Meeting Individual Customer Expectations
Delivering consistently on the brand promise plays a greater role in creating loyal customers than any other customer-facing capability does. It accounts for one-third of an organization's ability to achieve high customer loyalty, according to marketing and customer management research by Accenture. In fact, for all companies in the study, regardless of their industry or business model (e.g., B2C, B2B, et cetera), developing and delivering a branded customer experience comprises 33 percent of a company's ability to achieve strong customer loyalty.
Since customer expectations vary by brand given a brand promise and customer personal styles and interests, the highest level of loyalty is achieved when the branded experience is customized to meet the individual's demand. The challenge for high profile brands is how to ensure strength in ROI and scale as you aim for this loyalty.
Strong brands are setting the stage and success is being realized as they extend the brand to resonate on a personal level one individual at a time with customer care that is consistent across all touch points. ("Customer experience is bigger than customer service."--Amazon.com CEO Jeff Bezos.) With this framework clear, there is much work to be done.

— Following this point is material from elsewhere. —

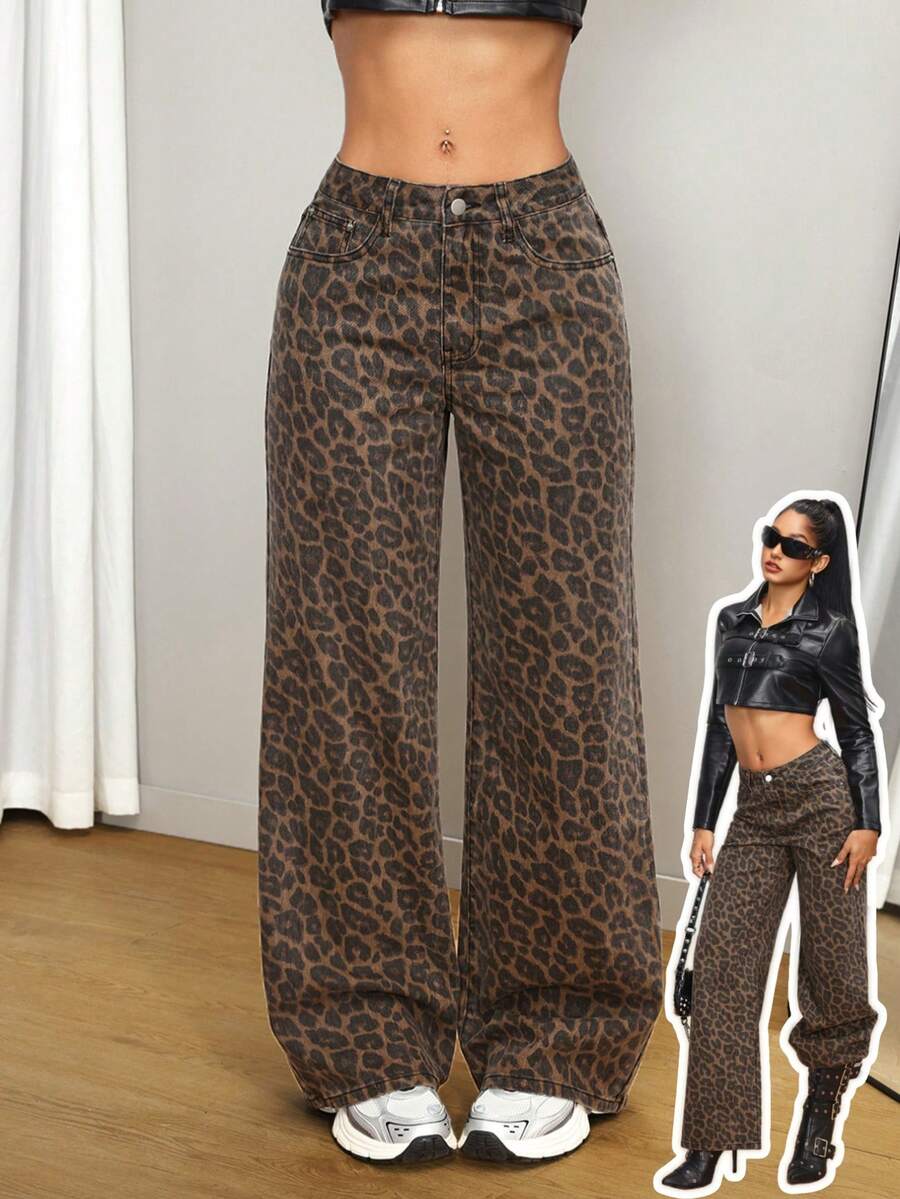 SHEIN Tall 时尚休闲豹纹阔腿直筒女式牛仔裤 - 棕色 - 查看 1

A study by Bain & Company found that 80 percent of companies surveyed believed that they delivered a "superior experience" to their customers. But when customers were asked to indicate their perceptions of the experiences they have in dealing with companies, they rated only 8 percent of companies as truly delivering a superior experience (The Three "Ds" of Customer Experience
by James Allen, Frederick Reichheld, and Barney Hamilton). A primary reason that companies fail to meet a customer's expectation is that they often lack insight on their customers based on customer attitudes and behaviors rather than simple demographic segmentation.

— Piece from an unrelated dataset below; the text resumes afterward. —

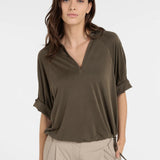 Jersey top w/ pleated sleeves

Transactional data, which tells what customers are buying, provides information into trends across the customer base. True value is derived, however, from going to the next level and tracking customers' actions. For instance, via delivery of concierge, a company can gain insight into a customer's life and preferences, and then incorporate this information into a branded customer-centric approach that is fine-tuned and enhanced with every interaction. Each interaction with the customer can then be proactive and personalized, solidifying brand relevance and generating true customer loyalty.
Strengthening this one-to-one relationship with consumers is also the driving force behind successful viral marketing efforts. Whether the viral campaign is an integral part of the brand strategy--or a byproduct of a successful multichannel communication effort--positive buzz about the brand is fueled when the brand promise is delivered on a personal level.

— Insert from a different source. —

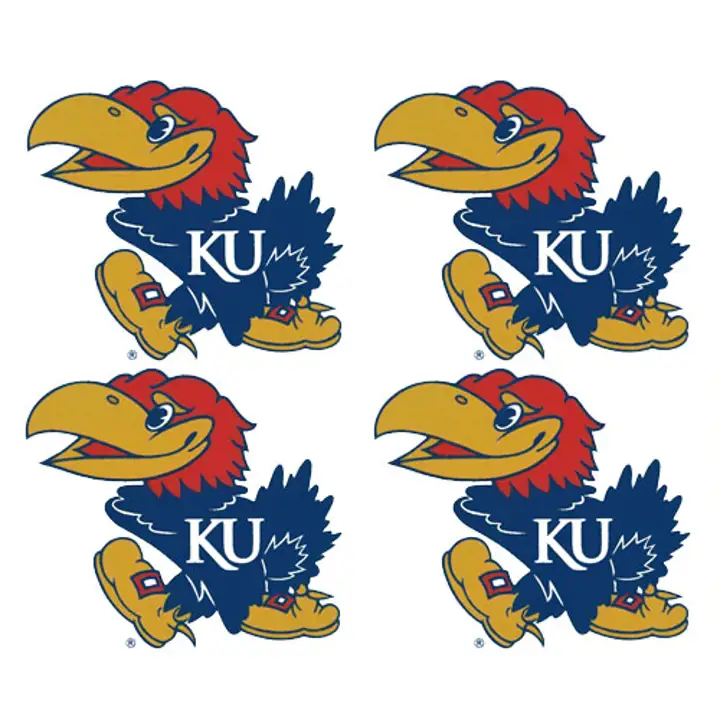 Kansas Tattoo Pack de 4 JAYHAWK bleu/rouge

For instance, one customer may contact a firm's concierge a few times a month with only moments to spare in need of dinner reservations or premium seats for a theater or sports event. However, others may rely on the company's concierge provider to handle a myriad of requests--from helping plan a dinner party, to assisting with plans for a family vacation, to finding the perfect gift for someone special. With each request, the company gains valuable information that drives its ability to fulfill its brand promise on an increasingly individualized level. The more special the customer feels, the more connected she is with the brand, which fosters conversations that add measurable value for the customer and thus for the brand.